Il dubbio di un Agostino o di Cartesio è solo l’immagine (riflessa nella coscienza ordinaria) dell’esperienza che si fa solo nel trapassare alla coscienza immaginativa. Così si riesce a comprendere giustamente quello che si mostra in modo indistinto nella mera filosofia delle idee, se lo si osserva alla luce della filosofia immaginativa.

 

Ho pure mostrato come con la conoscenza che permette di sperimentare il proprio corpo eterico, si riesca a scorgere come un’unità il corso della propria vita, e come si presentino gli uni accanto agli altri i fatti che nel tempo formano il corso della vita.
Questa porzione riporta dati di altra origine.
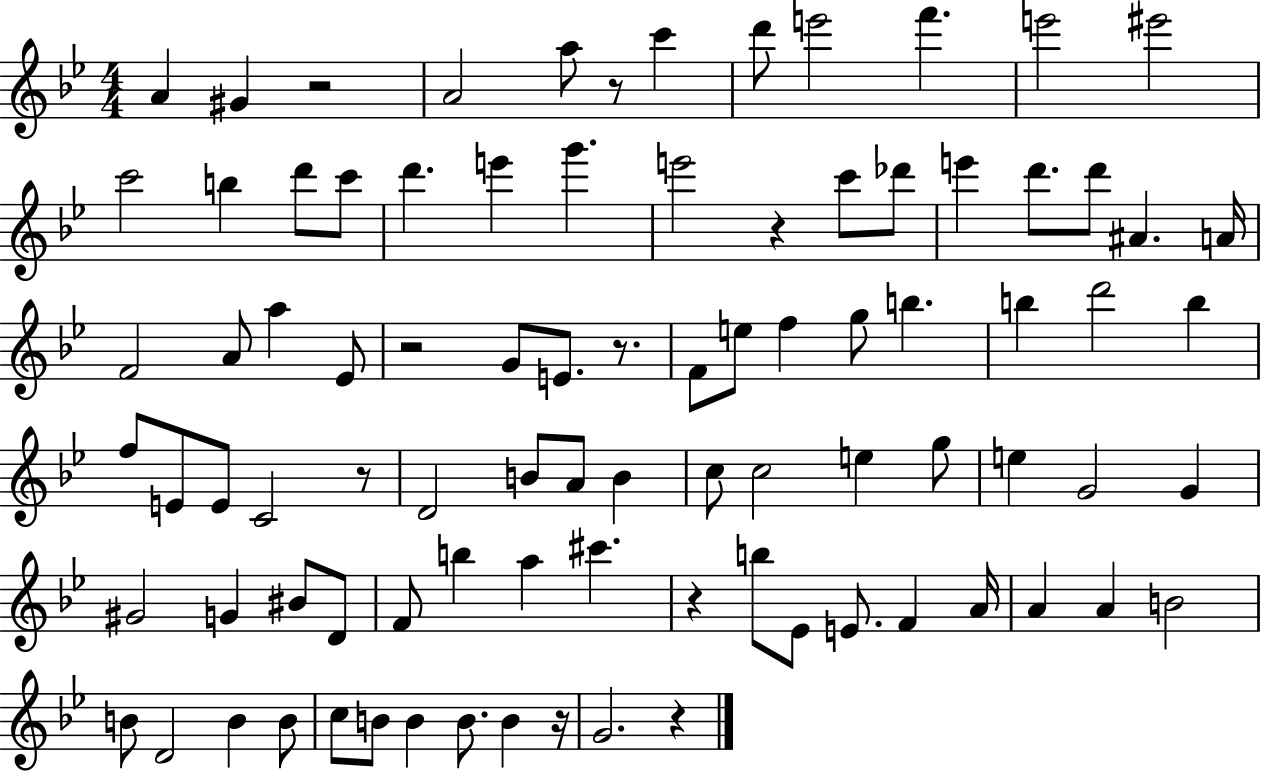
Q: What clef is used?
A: treble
Grazie a questo tipo di conoscenza, si scorge contemporaneamente ciò che di solito si sperimenta successivamente, come di solito avviene per gli oggetti nello spazio.

Questo è stato sentito per esempio dal Bergson, quando ha sviluppato la sua idea della «durata». Essa ha una parte importante nella filosofia del Bergson, ma nel modo in cui egli la presenta è solo un presagio della verità.

• La verità è la visione immaginativa del tempo come di un che di contemporaneo, di cose una accanto all’altra.

 

Bergson giunge solo fino al sentimento astratto che, se si penetra più a fondo nella cosa, si possa andare al di là di questo mondo attuale, ma nel presente, sì da sperimentare la durata come tale.

Poiché però il Bergson non vuole portarsi sul terreno di una conoscenza antroposofica, anch’egli arriva solo fino a un’immagine riflessa di quello che nella conoscenza immaginativa si sperimenta, relativamente al tempo vissuto come contemporaneità: e quell’immagine riflessa egli la chiama «durata», durée. Essa assume grande importanza nel suo pensiero. Da qualunque parte si prenda la filosofia, possiamo scoprire che essa riacquisterà vera vita e sostanza se la sua sostanza verrà afferrata nel modo in cui l’ho mostrato anche oggi.

 

Ho pure già accennato che anche la cosmologia e la conoscenza della religione riacquisteranno allo stesso modo la loro vera sostanza, e nei prossimi giorni vorrei mostrarne gli addentellati col problema del Cristo.

Si vedrà allora come per l’uomo moderno ogni conoscenza superiore

sia in fondo un appello al mistero del Golgota per trovare la propria essenza umana.

Nella adesione al mistero del Golgota, e accogliendo nuovamente nella coscienza umana l’entità del Cristo in tutta la sua piena realtà soprasensibile, si perverrà anche mediante una filosofia spirituale e una cosmologia spirituale, a fondare una conoscenza soprasensibile moderna, base non solo di una vita soprasensibile in genere, ma in particolare di un cristianesimo spirituale.